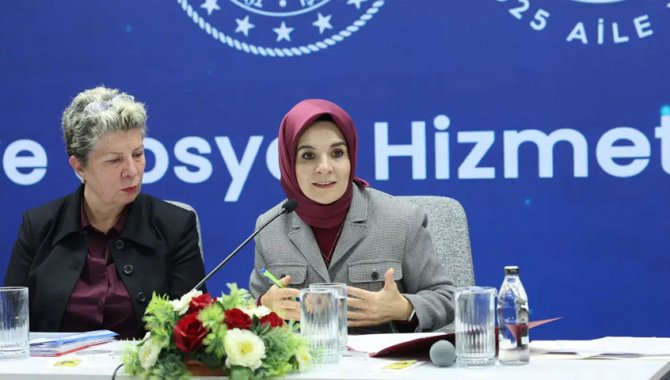 Bakan Göktaş otizm derneklerinin temsilcileriyle görüştü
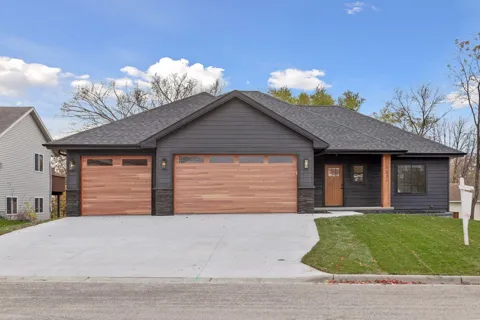 1270 Bellflower Lane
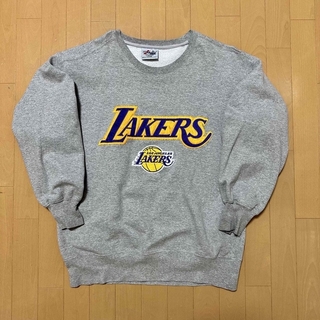 マジェスティック(Majestic)の【激レア】Los Angeles Lakers スウェット　レイカーズ　刺繍(スウェット)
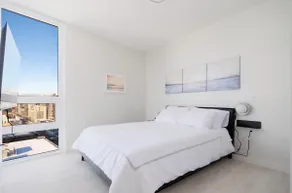 Peaceful City Stay, Calm Vibes in a Cozy - Image 3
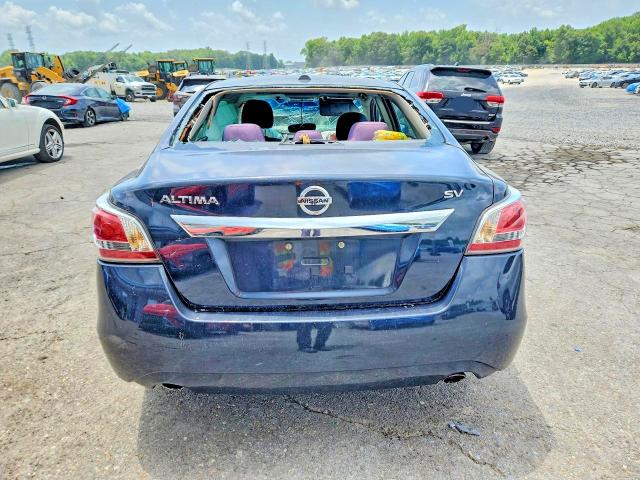 Продажа на аукционе авто 2015 Nissan Altima, vin: 1N4AL3AP9FC427814, номер лота: 61607656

• TO DO:
Pictures aside, every entry above must be repeated exactly.

• WRITTEN RESPONSE:
 Bakan Göktaş otizm derneklerinin temsilcileriyle görüştü
 1270 Bellflower Lane
 マジェスティック(Majestic)の【激レア】Los Angeles Lakers スウェット　レイカーズ　刺繍(スウェット)
 Peaceful City Stay, Calm Vibes in a Cozy - Image 3
 Продажа на аукционе авто 2015 Nissan Altima, vin: 1N4AL3AP9FC427814, номер лота: 61607656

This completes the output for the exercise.